The topics were formatted in XML and had the following fields:

• ID – 1 to 50

• Title – abbreviated statement of information need

• Information need – full statement information need

• Context – background information to place information need in context

We created an additional five "sample" topics, e.g., topic 51:



<TITLE>pBR322 used as a gene vector</TITLE>

<NEED>Find information about base sequences and restriction maps in plasmids that are used as gene vectors.</NEED>

<CONTEXT>The researcher would like to manipulate the plasmid by removing a particular gene and needs the original base sequence or restriction map information of the plasmid.</CONTEXT>


Relevance judgments

Relevance judgments were done using the conventional "pooling method" whereby a fixed number of top-ranking documents from each official run were pooled and provided to an individual (blinded to the number of groups who retrieved the document and what their search statements were). The relevance assessor then judged each document for the specific topic query as definitely relevant (DR), possibly relevant (PR), or not relevant (NR). For the official results, which required binary relevance judgments, documents that were rated DR or PR were considered relevant.

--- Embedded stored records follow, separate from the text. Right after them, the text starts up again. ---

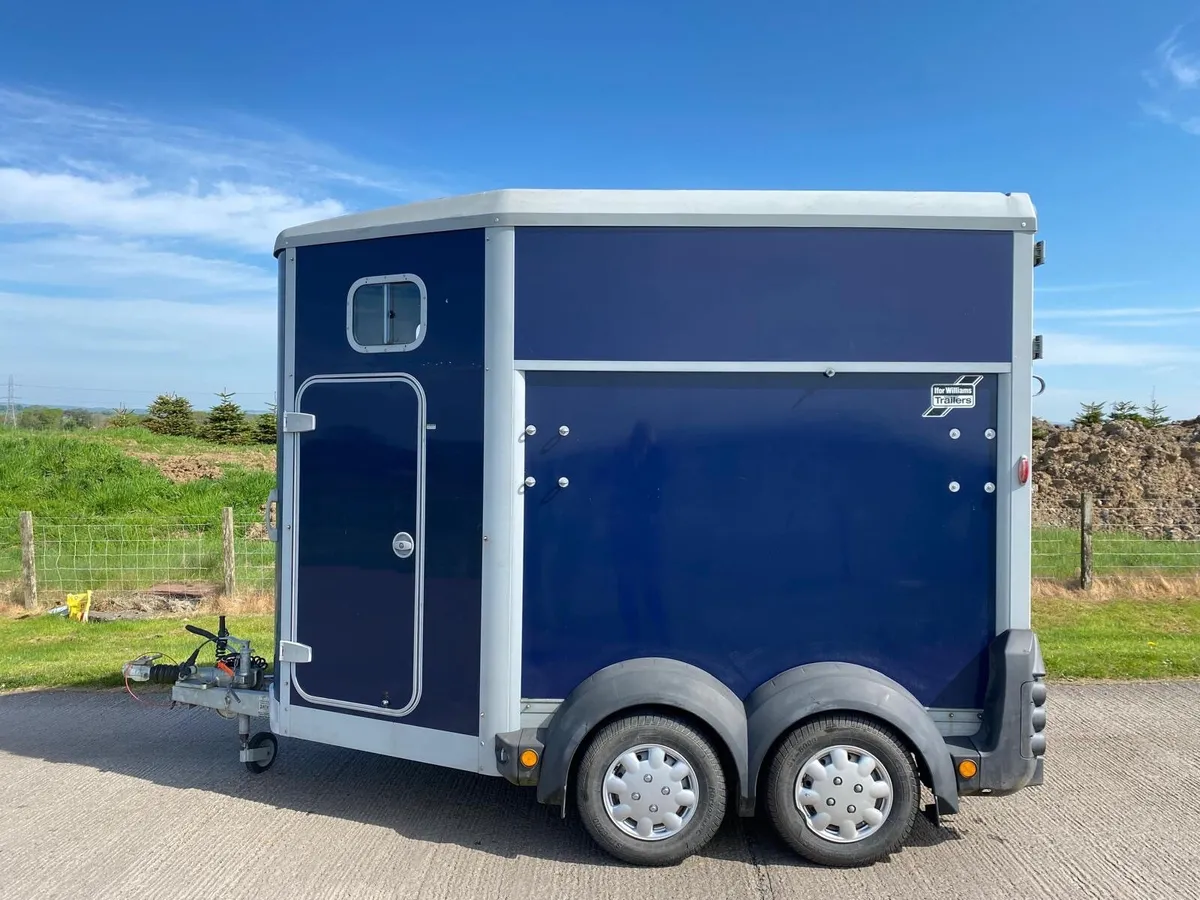 IFOR WILLIAMS HB 506 BLUE Horsebox - Image 3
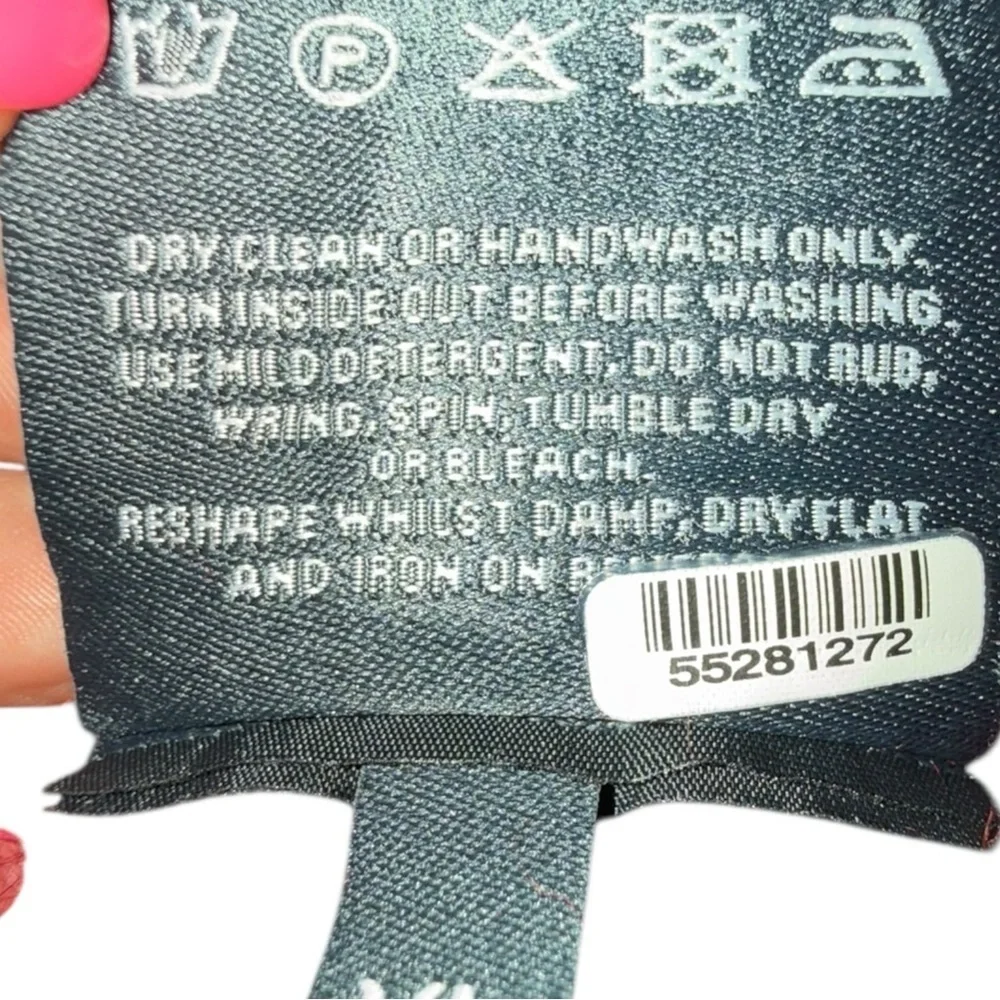 Aran Red Wool Cardigan Irish Patchwork Wrap Button Collar Merino XL - Picture 13 of 16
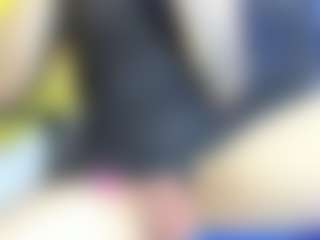 Live cam show with HeidySumers - Drinking on Camsoda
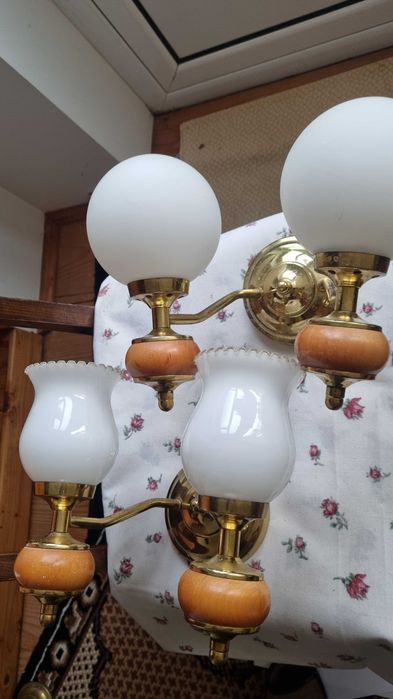 Aplice cu doua brate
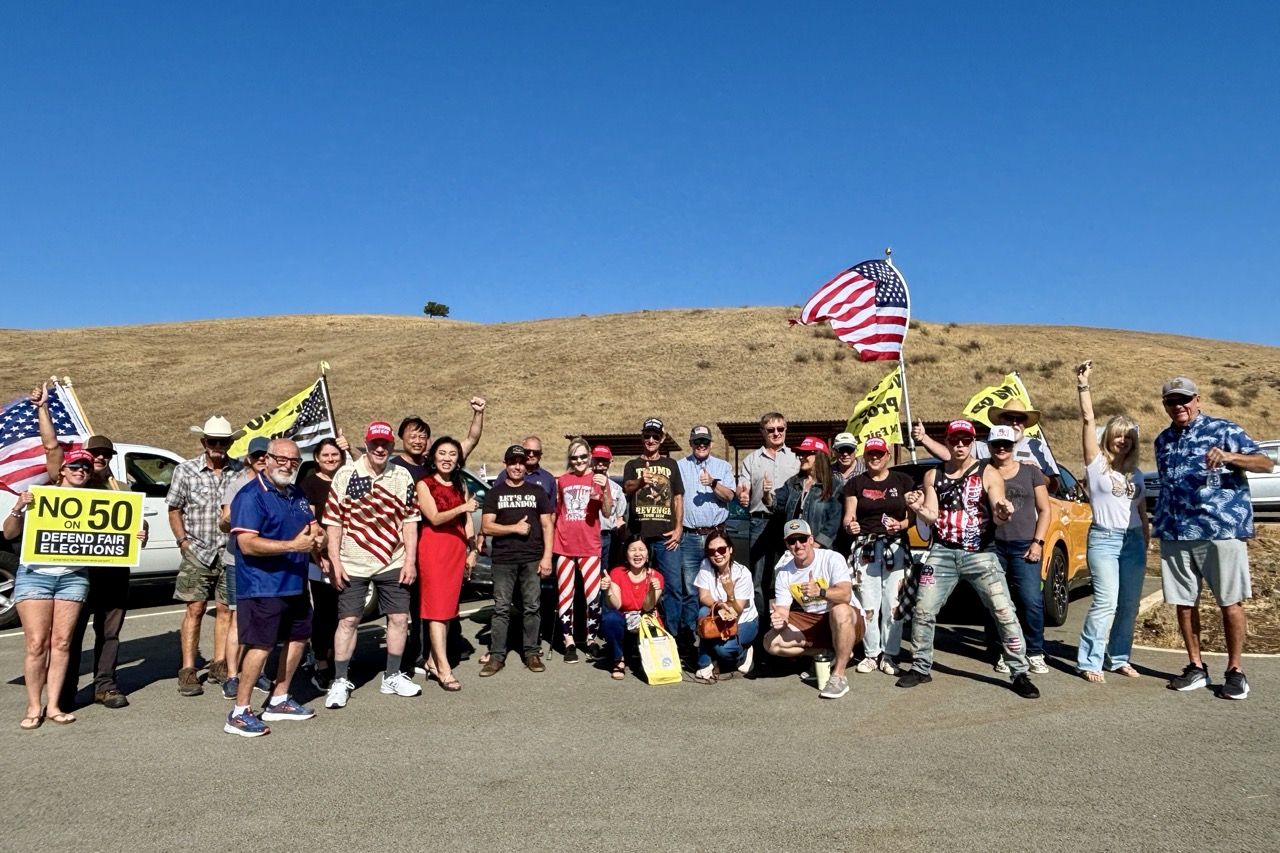 湾区民众举行车队游行与集会反对Prop 50与Measure A | 加州选民身份证2026 | 大纪元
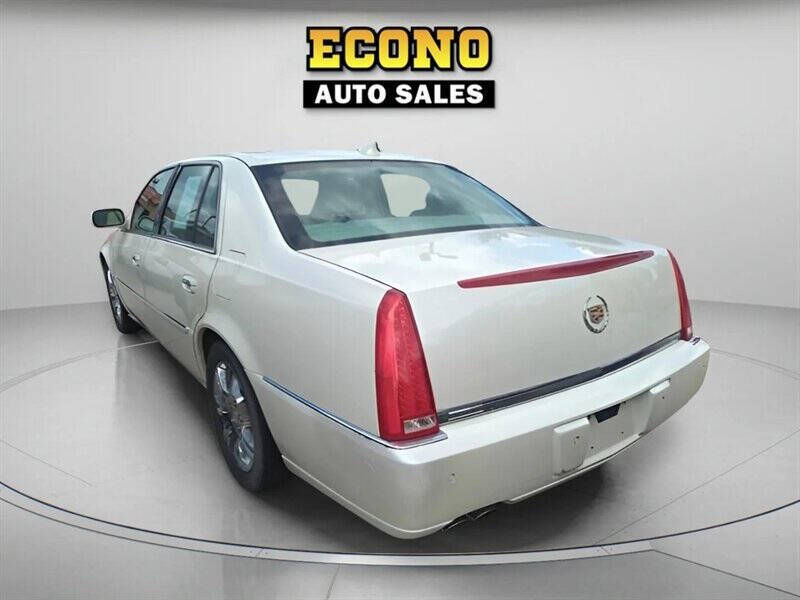 2009 Cadillac DTS Performance
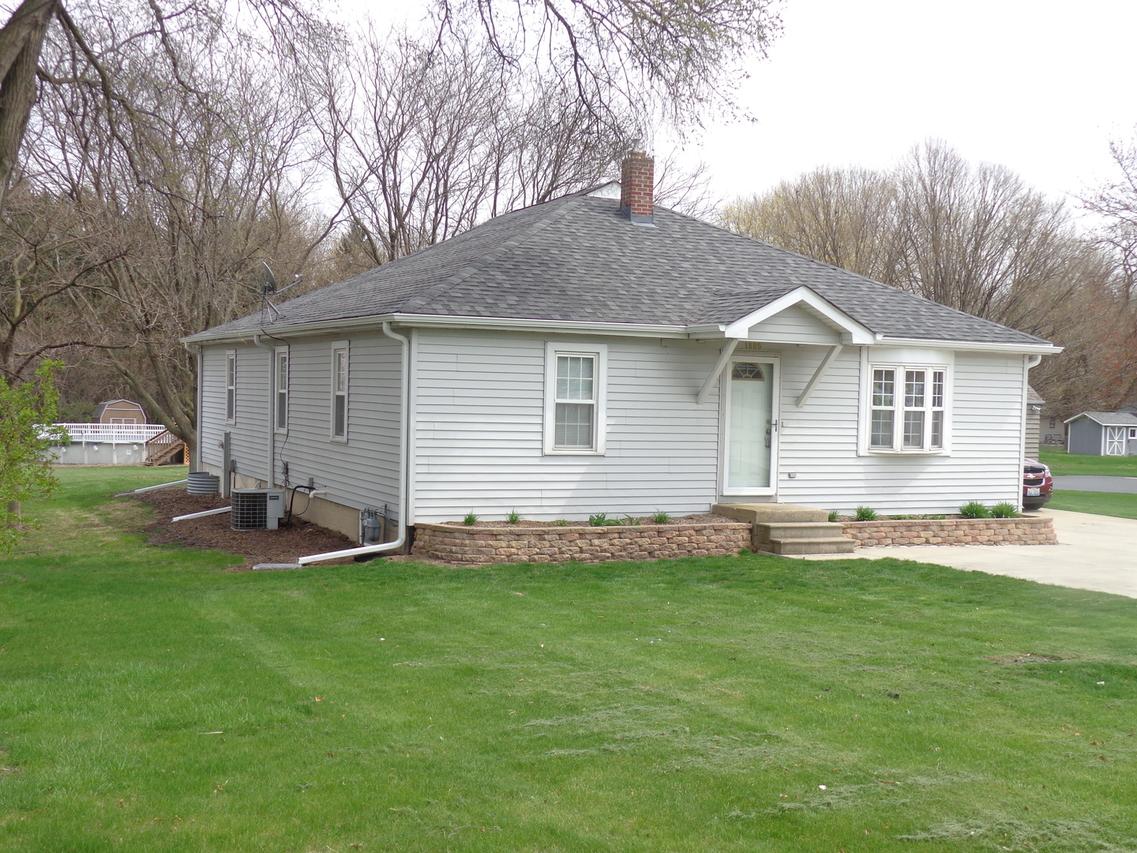1885 Church Rd., Aurora, IL 60505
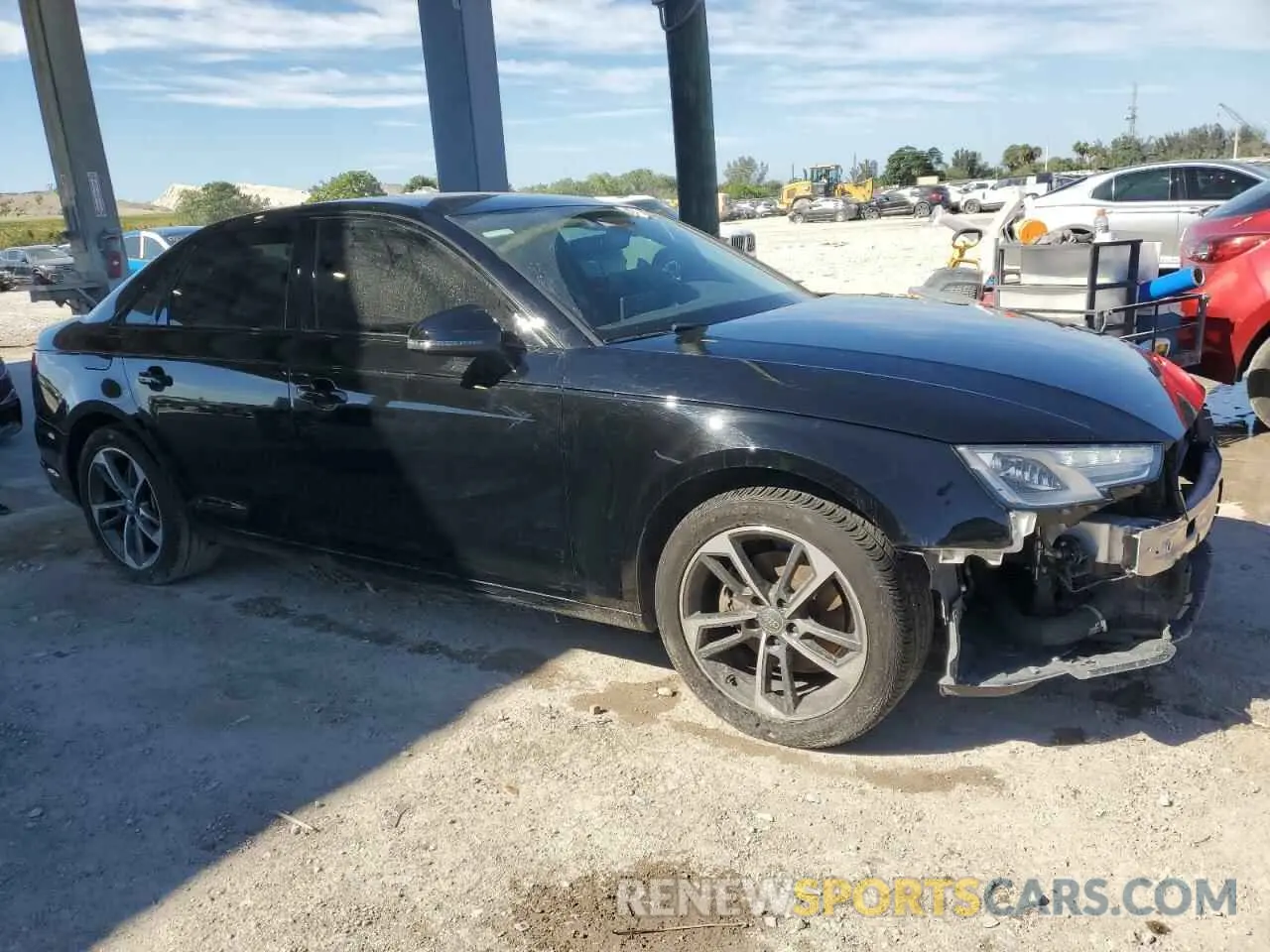 4 Фотография поврежденного автомобиля WAUGMAF47KN016668 AUDI A4 2019
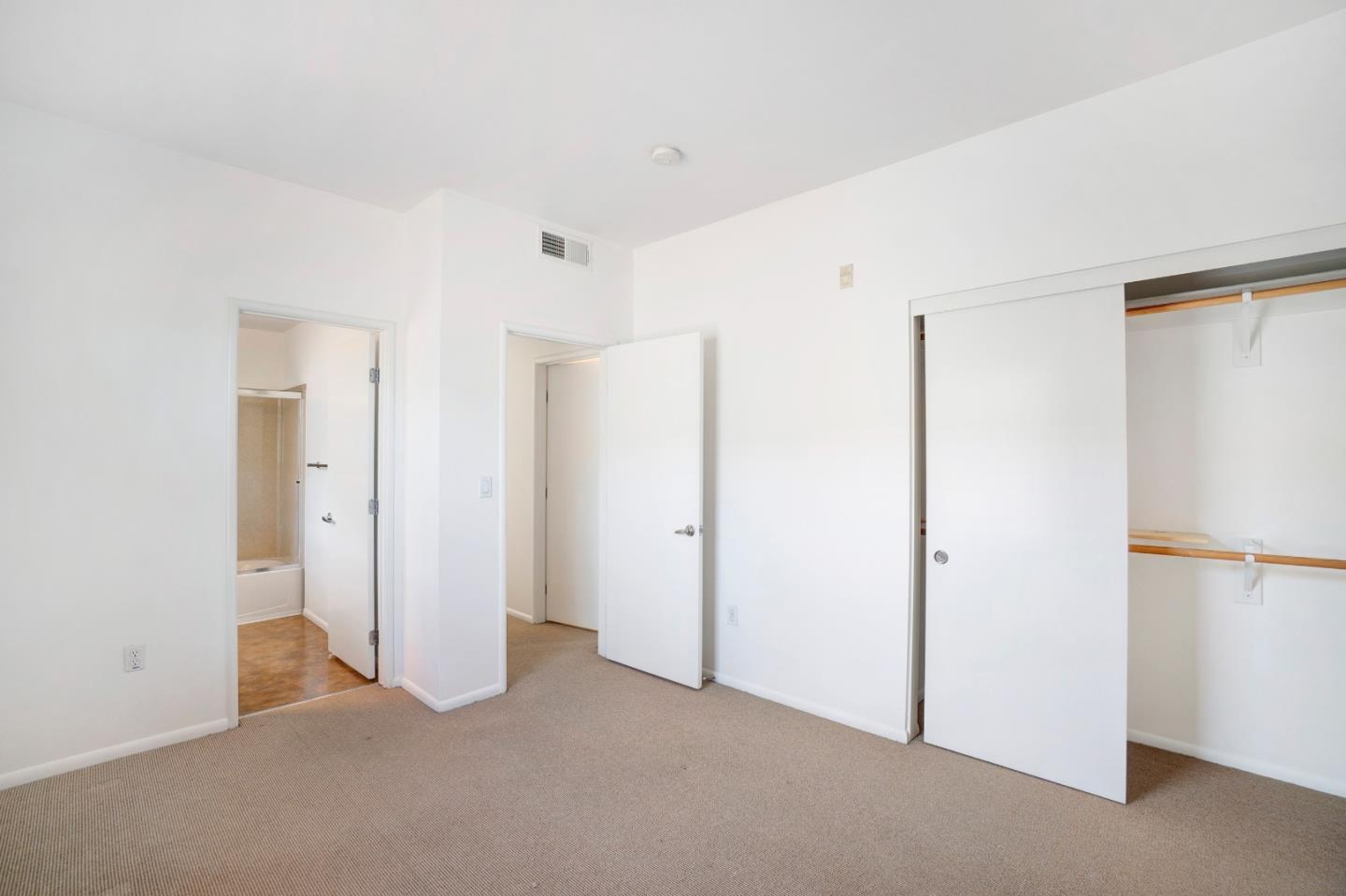 Detail Gallery Image 31 of 38 For 153 City Limits Cir, Emeryville,  CA 94608 - 2 Beds | 2/1 Baths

The pools were built as follows. Each of the 27 groups designated a top-precedence run that would be used for relevance judgments, typically what they thought would be their best-performing run. We took, on average, the top 75 documents for each topic from these 27 runs and eliminated the duplicates to create a single pool for each topic. The average pool size (average number of documents judged per topic) was 976, with a range of 476–1450.

The relevance judgments were done by two individuals with backgrounds in biology. One was a PhD biologist and the other an undergraduate biology student. Each topic was judged fully by one of the judges. In addition, to assess interjudge agreement, we selected every tenth article in the pool from six topics for duplicate judgment, allowing calculation of the kappa statistic for chance-corrected agreement [18].

Evaluation measures

The primary evaluation measure for the task was mean average precision (MAP). Results were calculated using the trec_eval program, a standard scoring system for TREC. A statistical analysis was performed using a repeated measures analysis of variance, with posthoc Tukey tests for pairwise comparisons. In addition to analyzing MAP, we also assessed precision at 10 and 100 documents.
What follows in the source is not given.